Breakaways, sprints, but no real GC hopes. Oh, and Millar, for wankers' bike toss.

JSR


----------



## ECF (Aug 19, 2003)

Kestreljr said:


> How come Dave Z. didn't make the cut!?


I think his cracked vertebrae are healing more slowly then he'd like so he's not ready.


----------



## Pablo (Jul 7, 2004)

I'm hoping for Martijn Maaskant to do something in the first week.


----------



## Cyclo-phile (Sep 22, 2005)

Maybe he'll take Danny Pate's slot in the Cascade Classic since Pate is on the Tour team.


----------



## coop (Jun 8, 2008)

Is Tommy D on suicide watch? It's obvious the guy is jinxed from ever racing the TDF. It's a shame to see such talent on such a frail body.


----------



## Guest (Jun 25, 2008)

Julian Dean can sprint, if the team can get him up front he could win a stage.


----------



## Mootsie (Feb 4, 2004)

Interesting response from Tommy D that adds some clarity to this post.

http://www.tomdanielson.com/pages/08/june08_changes.html


----------



## Einstruzende (Jun 1, 2004)

Mootsie said:


> Interesting response from Tommy D that adds some clarity to this post.
> 
> http://www.tomdanielson.com/pages/08/june08_changes.html


Here's an interesting quote from that post...



> I've never stopped believing that I can win the Tour


I'm not sure what to say about that. It's one thing to be confident ... but should you at least have ridden the Tour before you start believing you can win it?


----------



## Kestreljr (Jan 10, 2007)

Einstruzende said:


> I'm not sure what to say about that. It's one thing to be confident ... but should you at least have ridden the Tour before you start believing you can win it?


That sort of hit me as weird too- maybe not a bad visionary goal to have in your career, but at this point in his professional career, a statement like that has to be backed by an action plan to make it happen or you just look foolish imo...

Also, this quote hit me as a bad thing...


> I can confidently say I’ve never felt better in training


You have never felt better in your entire life- yet you can't make the tour squad?
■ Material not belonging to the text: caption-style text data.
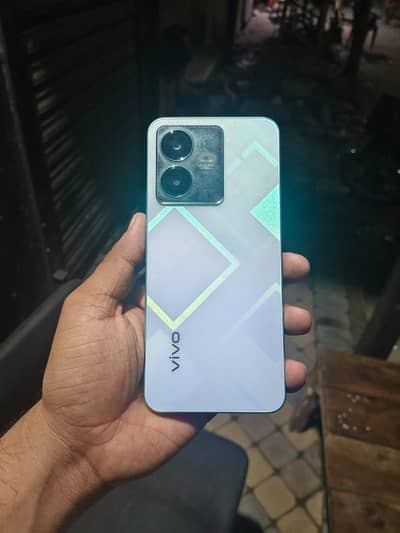 Vivo Y22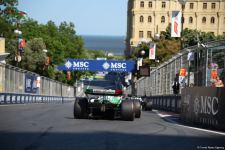 Завершилась первая тренировочная сессия пилотов «Формулы-1» в Баку (ФОТО)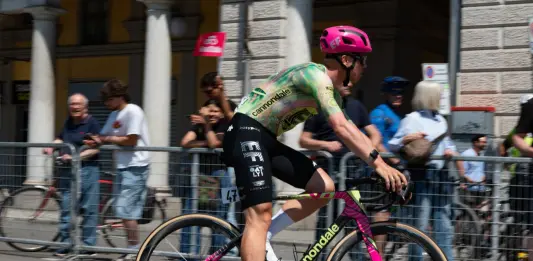 Valgren conquista in solitaria la diciassettesima tappa del Giro d’Italia, Vingegaard resta in rosa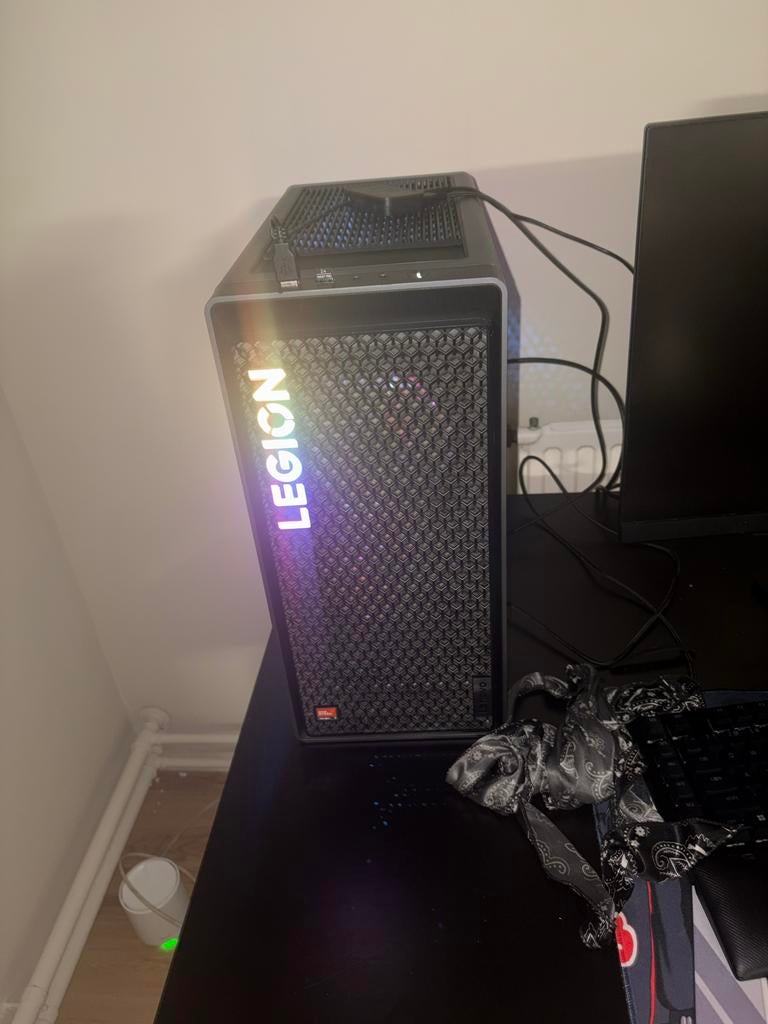 Krachtige Lenovo Legion T5 Gaming PC - AMD Ryzen 7, RTX 4060, Ophalen of Verzenden, Zo goed als nieuw, Gaming, SSD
That is bad news for a guy who thinks he can win the thing against 200 something riders.


----------



## bas (Jul 30, 2004)

Kestreljr said:


> That sort of hit me as weird too- maybe not a bad visionary goal to have in your career, but at this point in his professional career, a statement like that has to be backed by an action plan to make it happen or you just look foolish imo...
> 
> Also, this quote hit me as a bad thing...
> 
> ...


Did Garmin-Chipotle get a Vuelta invite??

Please don't tell me they picked Zabriskie for the TdF.


----------



## Kestreljr (Jan 10, 2007)

bas said:


> Please don't tell me they picked Zabriskie for the TdF.
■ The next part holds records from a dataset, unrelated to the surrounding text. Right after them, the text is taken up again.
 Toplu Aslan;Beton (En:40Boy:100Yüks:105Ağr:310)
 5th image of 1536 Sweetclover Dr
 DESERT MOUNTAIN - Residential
He is still hurt I think- some kind of back problem from a crash that isn't healing as well...


----------



## harlond (May 30, 2005)

bas said:


> Did Garmin-Chipotle get a Vuelta invite??
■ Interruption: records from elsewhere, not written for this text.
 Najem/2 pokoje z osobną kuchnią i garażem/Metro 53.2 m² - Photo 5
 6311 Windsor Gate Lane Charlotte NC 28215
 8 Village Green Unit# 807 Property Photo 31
Vuelta does not appear on their calendar.


----------



## Aquamarinos (Mar 27, 2008)

Slippy/Garmin was not invited to the Vuelta.

TD sounds like he hast lost it...
"I've never stopped believing that I can win the Tour"
He might wan't to at least finish it once before saying things like this, pretty ridiculous imo.


----------



## 32and3cross (Feb 28, 2005)

bas said:


> Did Garmin-Chipotle get a Vuelta invite??
> 
> Please don't tell me they picked Zabriskie for the TdF.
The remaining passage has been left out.